Les travaux de rénovation du cuvage s'achèvent.
Les murs ont été ravalés, le sol a été recouvert d'une résine pour éviter l'emploi de produits nettoyants agressifs et en faciliter le nettoyage à l'eau claire. Les cuves ciment qui ne l'étaient pas ont été équipées de portes en inox. Un local technique a été créé pour le stockage du petit matériel de vinification et l'électricité a été remise aux normes.
Par ailleurs, cinq cuves ciment ont été enlevées. Nos prédécesseurs travaillaient douze hectares, contre sept actuellement. Nous n'avions donc plus besoin d'une telle capacité de vinification, surtout qu'avec le passage des vignes en bio, le rendement à l'hectare chute.
Cela nous a permis de gagner de l'espace, et devrait nous faciliter les travaux de vinification. L'exiguïté du lieu nous obligeait à déplacer sans cesse une pompe, un tuyau, un bac, une rallonge électrique pour pouvoir passer d'un endroit à un autre du cuvage.
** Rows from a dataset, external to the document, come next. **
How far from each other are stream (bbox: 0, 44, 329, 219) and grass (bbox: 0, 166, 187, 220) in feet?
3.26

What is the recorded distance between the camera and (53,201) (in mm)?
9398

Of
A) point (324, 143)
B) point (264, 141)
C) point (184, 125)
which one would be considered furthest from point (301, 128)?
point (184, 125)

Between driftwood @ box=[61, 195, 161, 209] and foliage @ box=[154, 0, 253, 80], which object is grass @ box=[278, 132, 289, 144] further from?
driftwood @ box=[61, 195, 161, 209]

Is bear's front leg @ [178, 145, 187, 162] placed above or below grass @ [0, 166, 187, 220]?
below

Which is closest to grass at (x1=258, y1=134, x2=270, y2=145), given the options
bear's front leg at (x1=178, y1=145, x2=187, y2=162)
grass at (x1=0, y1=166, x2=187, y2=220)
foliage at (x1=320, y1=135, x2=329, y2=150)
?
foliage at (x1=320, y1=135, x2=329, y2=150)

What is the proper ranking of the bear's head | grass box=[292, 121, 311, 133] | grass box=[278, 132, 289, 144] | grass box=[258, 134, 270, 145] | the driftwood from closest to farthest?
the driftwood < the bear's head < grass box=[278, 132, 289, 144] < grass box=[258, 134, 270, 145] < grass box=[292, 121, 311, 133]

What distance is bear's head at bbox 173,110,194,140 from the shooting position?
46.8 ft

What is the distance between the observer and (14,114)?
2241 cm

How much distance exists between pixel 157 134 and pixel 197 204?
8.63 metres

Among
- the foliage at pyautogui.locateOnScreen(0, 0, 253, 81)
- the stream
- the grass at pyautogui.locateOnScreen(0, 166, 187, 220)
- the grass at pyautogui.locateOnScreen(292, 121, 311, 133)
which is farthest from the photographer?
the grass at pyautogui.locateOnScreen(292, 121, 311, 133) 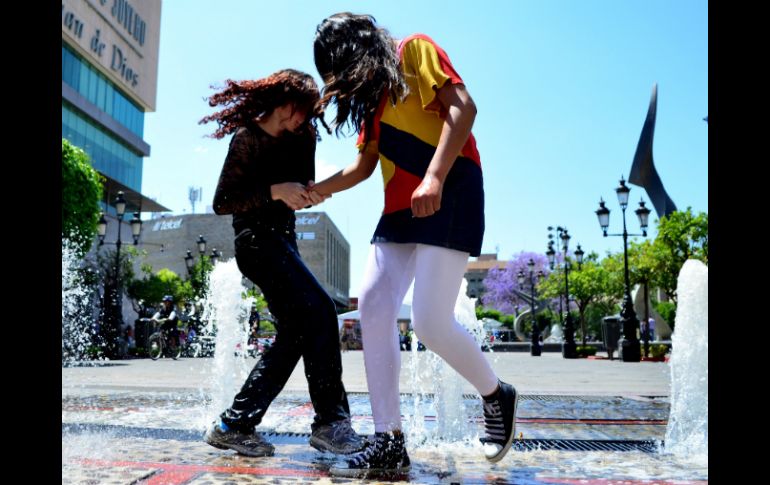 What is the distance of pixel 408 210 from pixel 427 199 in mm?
282

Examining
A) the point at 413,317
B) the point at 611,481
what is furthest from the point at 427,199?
the point at 611,481

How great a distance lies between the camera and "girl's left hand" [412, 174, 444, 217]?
2225mm

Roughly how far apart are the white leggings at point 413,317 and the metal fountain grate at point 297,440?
3.29 feet

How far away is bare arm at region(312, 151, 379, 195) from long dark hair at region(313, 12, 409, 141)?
11 centimetres

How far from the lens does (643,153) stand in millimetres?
41750

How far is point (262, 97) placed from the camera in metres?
3.06

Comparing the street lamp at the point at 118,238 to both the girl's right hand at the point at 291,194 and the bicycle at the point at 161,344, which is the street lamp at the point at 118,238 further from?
the girl's right hand at the point at 291,194

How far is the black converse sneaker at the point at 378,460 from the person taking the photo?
94.8 inches

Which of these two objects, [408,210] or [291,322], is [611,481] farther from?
[291,322]

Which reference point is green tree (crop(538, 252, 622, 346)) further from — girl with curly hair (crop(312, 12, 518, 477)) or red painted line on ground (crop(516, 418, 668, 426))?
girl with curly hair (crop(312, 12, 518, 477))

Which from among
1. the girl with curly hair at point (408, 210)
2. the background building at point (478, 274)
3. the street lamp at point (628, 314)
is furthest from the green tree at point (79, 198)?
the background building at point (478, 274) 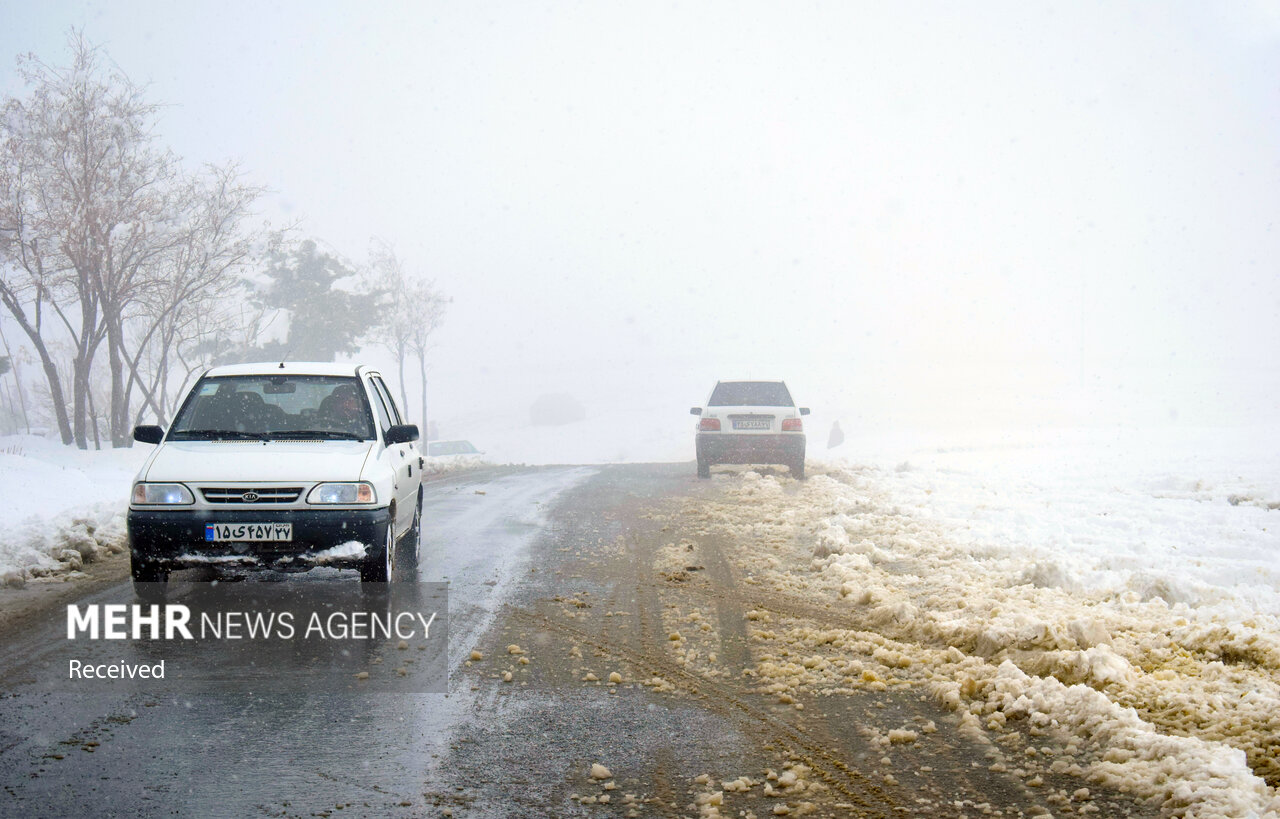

Même le vieux pressoir a été retoiletté.
Sa dernière utilisation remonte aux années 70 (1970!). Peut-être un jour nous le réveillerons de ce long sommeil, mais ce n'est pas d'actualité.
Allez, je vous mets une photo du cuvage tel que nous l'avons trouvé à notre arrivée sur la propriété pour que vous puissiez apprécier le travail réalisé.
Avant :
Après :
Il nous reste à donner un grand coup de nettoyage pour débarrasser le cuvage de la poussière des travaux, à mettre un dernier coup de pinceau sur nos cuves ciment et nous serons prêts pour notre prochaine campagne de vinification. J'ai hâte d'y être mais il va encore falloir faire preuve de patience avant que les raisins ne soient prêts à être vendangés !
Bravo! Quel travail! Le vieux pressoir à l'air magnifique. Par contre... pour ce qui est de la baisse des rendements en bio... çà se discute. Avec des engrais verts on peut arriver à des rendements conséquents...!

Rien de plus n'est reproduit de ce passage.